Great Rail Journeys
- Company type: Private
- Industry: Tour operator
- Founded: 1973
- Headquarters: York, UK.
- Key people: Dave Riley (CEO); Jonathan Skolnick (CFO); Lisa Wood (Marketing Director); Julian Appleyard (Commercial Director); Kerry Jenkins (IT Director); Steve Lee (Operations Director)
- Products: Escorted Rail Tours
- Owner: Duke Street
- Number of employees: 130+
- Subsidiaries: Rail Discoveries, GRJ Independent, Great Cruise Journeys, Vacations By Rail
- Website: www.greatrail.com

= Great Rail Journeys =

Tourism in the United Kingdom

Great Rail Journeys, based in York, United Kingdom, is a tour operator that offers escorted worldwide rail tour holidays.
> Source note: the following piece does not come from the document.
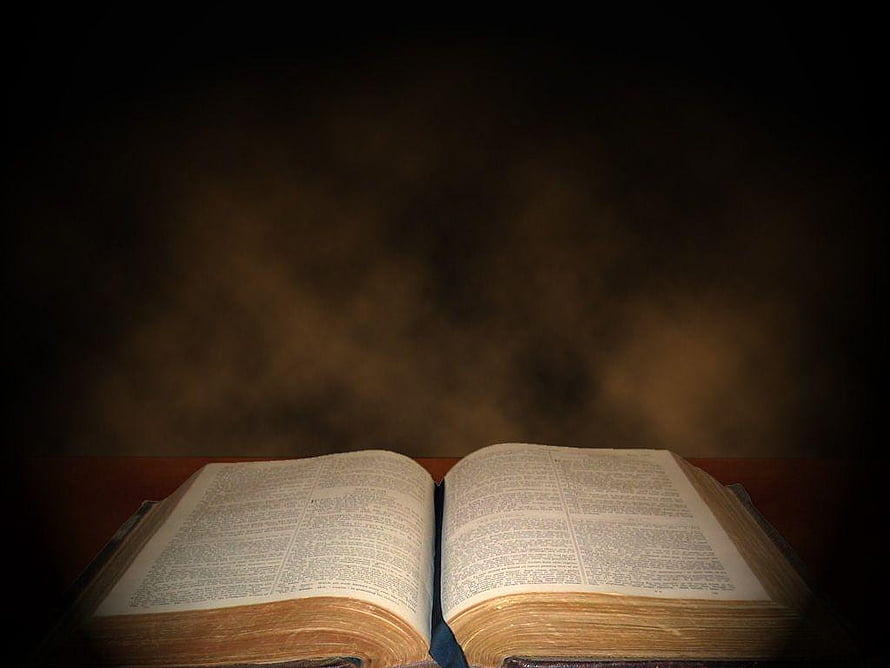 Open Bible on Wooden Surface with Dramatic Dark Background and Warm Lighting HD wallpaper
The company is Association of British Travel Agents (ABTA) and Air Travel Organisers' Licensing (ATOL)-bonded and is a member of the Association of Independent Tour Operators (AITO).

==History==

Previous owner, ECI Partners, sold its stake in Great Rail Journeys in July 2018. Duke Street Capital, the UK based mid-market private equity firm, acquired Great Rail Journeys on 2 July 2018 for a sum of around £100million.

In 2018, Great Rail Journeys acquired Vacations By Rail and labelling their journeys in the USA under Vacations By Rail, while shutting down their headquarters in New York and moving their operations to Chicago.